In an ice-covered village far to the north, a chieftain had two sons. As the eldest son was born, the people of the village saw him grow. He was strong and sharp like a newly shaped blade. When the chieftain’s younger son was born, people gossiped that because he was born on a moonless night, he would be cursed with a terrible fate as dark and crippling as the night he emerged from his mother.

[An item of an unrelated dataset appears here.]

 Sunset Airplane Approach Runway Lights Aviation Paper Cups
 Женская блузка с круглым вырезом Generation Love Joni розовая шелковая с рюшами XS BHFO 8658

The two brothers grew hard and cold as the land around them. The eldest brother was the pride of his father, strong and brave as any of the village’s storied heroes. The younger brother soon grew jealous of the praise his brother received asking, “Brother, where does your courage come from?” To which his brother responded, “From fear, I’m brave as to not be consumed by fear.” How strange, the younger brother thought, he had never felt fear in his life. He had heard warriors of the village speak about the terror that gripped their hearts in the dark of the night when footsteps followed in stride with their own. But when they turned to face their stalker, nothing but ice capped hills surrounded them.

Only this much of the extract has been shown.